A contrario, si l’exercice de ce droit est manifestement abusif, une retenue sur salaire pour inexécution du contrat de travail peut être effectuée. L’exercice non fondé de ce droit ne caractérise pas l’existence d’une faute grave, mais peut constituer une cause réelle et sérieuse de licenciement. Ces dispositions s’exercent le cas échéant sous le contrôle du juge.

c) Qu’est-ce qu’un danger grave et imminent ?

L’appréciation se fait au cas par cas. Peut être considéré comme « grave » tout danger susceptible de produire un accident ou une maladie entraînant la mort ou paraissant devoir entraîner une incapacité permanente ou temporaire prolongée et comme « imminent », tout danger susceptible de se réaliser brutalement dans un délai rapproché.

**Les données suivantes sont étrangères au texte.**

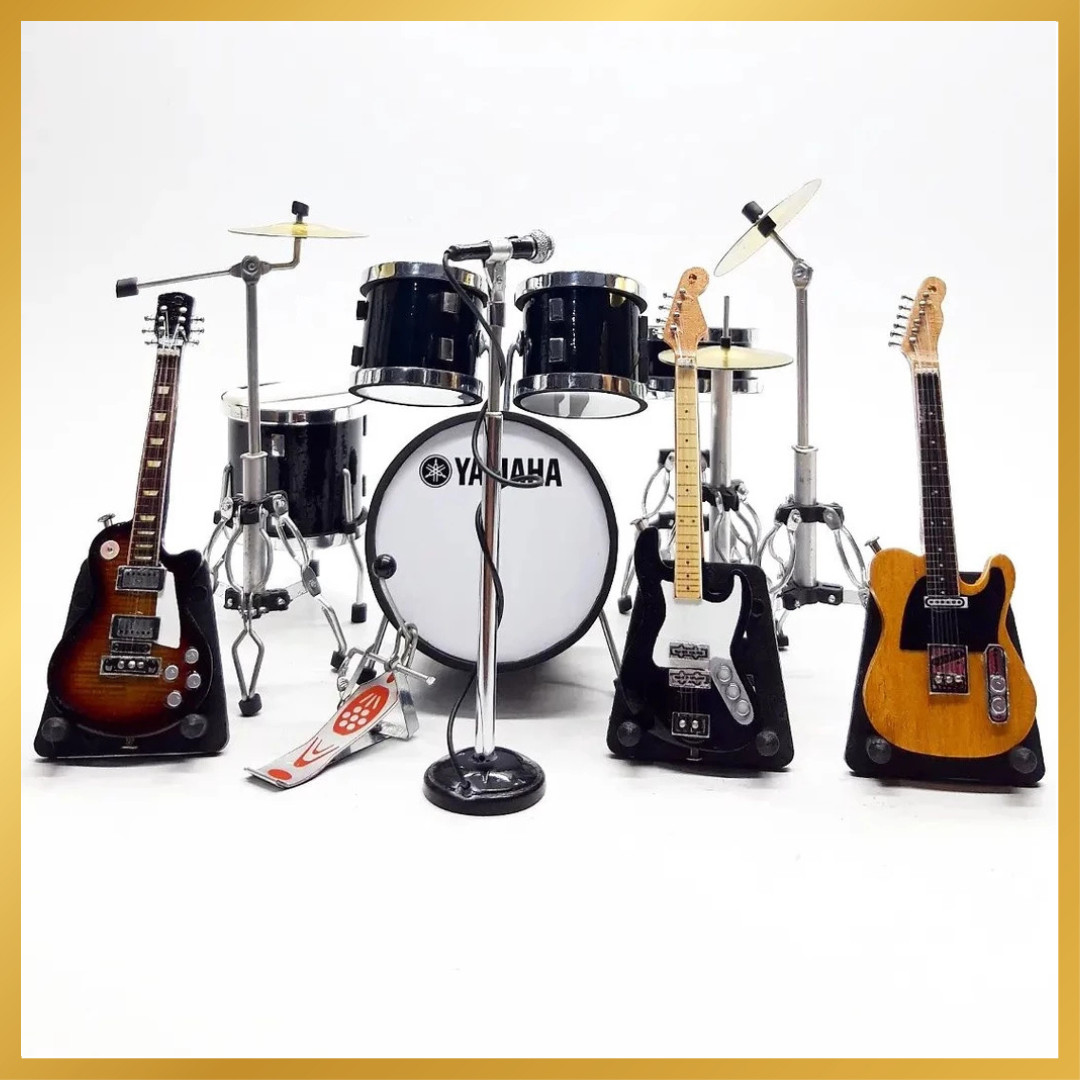 Yamaha Black Drum Miniature And Exclusive Guitar 1/12 Scale Plus Mic Full Set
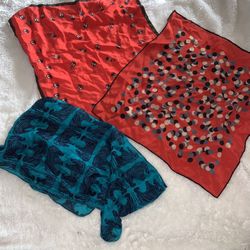 Vintage Silk Scarves -Set of 3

30. Quel est le rôle du comité social et économique et dans quels cas dois-je l’informer/le consulter ?

Le CSE joue un rôle particulièrement important dans les situations de crises.

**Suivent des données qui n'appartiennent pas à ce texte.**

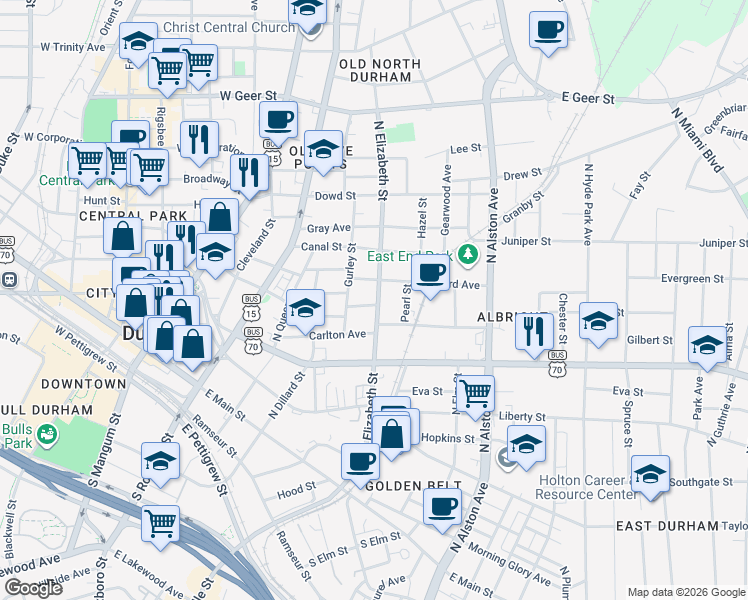 map of restaurants, bars, coffee shops, grocery stores, and more near 501 North Elizabeth Street in Durham
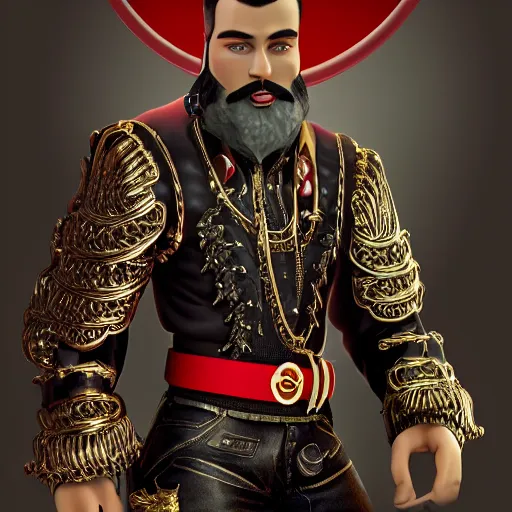 Prompt: a highly detailed full-length man with dark brown short hair, a dark beard, in black and red clothes, with a gold chain and a gold belt, artstation, DeviantArt, professional, octane render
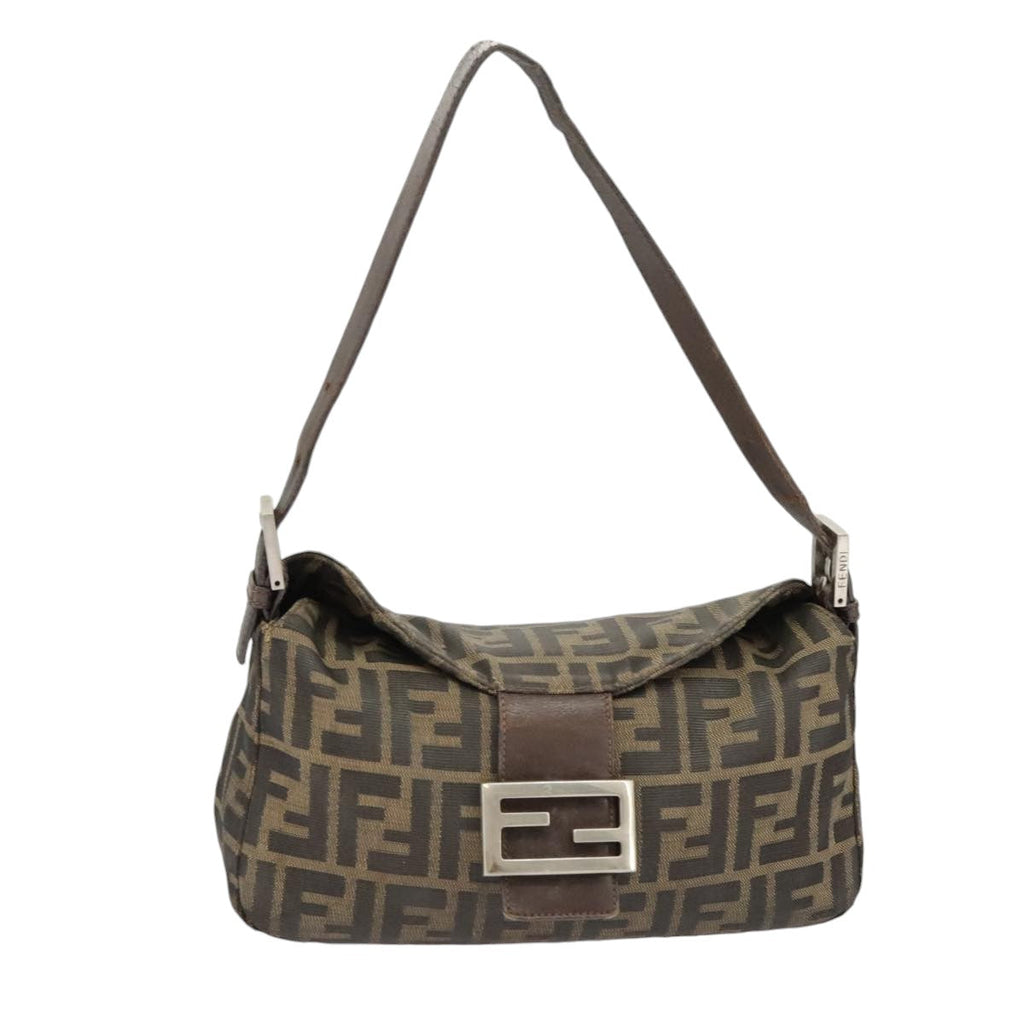 FENDI Zucca Canvas Mamma Baguette Shoulder Bag Brown Black Silver ep6627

Il devra ainsi être associé à la démarche d’actualisation des risques et consulté sur la mise à jour du document unique d’évaluation des risques.

a) Information et consultation du CSE

Le CSE a pour mission de promouvoir la santé, la sécurité et l’amélioration des conditions de travail dans l’entreprise.

Par ailleurs, dans les entreprises de plus de 50 salariés, le CSE est informé et consulté sur les questions intéressant l’organisation, la gestion et la marche générale de l’entreprise, notamment sur la durée du travail ou les conditions d’emploi, de travail et de formation professionnelle ainsi que sur tout aménagement important modifiant les conditions de santé et de sécurité ou les conditions de travail.

C’est le cas pour :

• les modifications importantes de l’organisation du travail ;

• le recours à l’activité partielle ;

• les dérogations aux règles relatives à la durée du travail et aux repos.

Pour ces matières, les décisions de l’employeur doivent être précédées du recueil de l’avis du CSE. Le CSE doit être informé de la tenue de la réunion au cours de laquelle il sera consulté au moins 3 jours à l’avance.

Le recours à la visioconférence est encouragé si nécessaire pour éviter les contacts physiques et si l’urgence l’exige, l’employeur peut prendre des mesures conservatoires d’organisation du travail avant d’avoir effectué la consultation.

b) Réunions à la demande des représentants du personnel

Le comité peut être réuni à la demande motivée de deux de ses membres, sur des sujets relevant de la santé, de la sécurité ou des conditions de travail.

c) Le droit d’alerte du CSE

Si un membre du CSE constate qu'il existe une cause de danger grave et imminent, notamment par l'intermédiaire d'un salarié qui a fait jouer son droit de retrait, il en avise immédiatement l'employeur ou son représentant et consigne cet avis par écrit sur un registre prévu à cet effet.

Il est alors fait application de la procédure prévue aux articles L. 4132-2 et suivants du code du travail.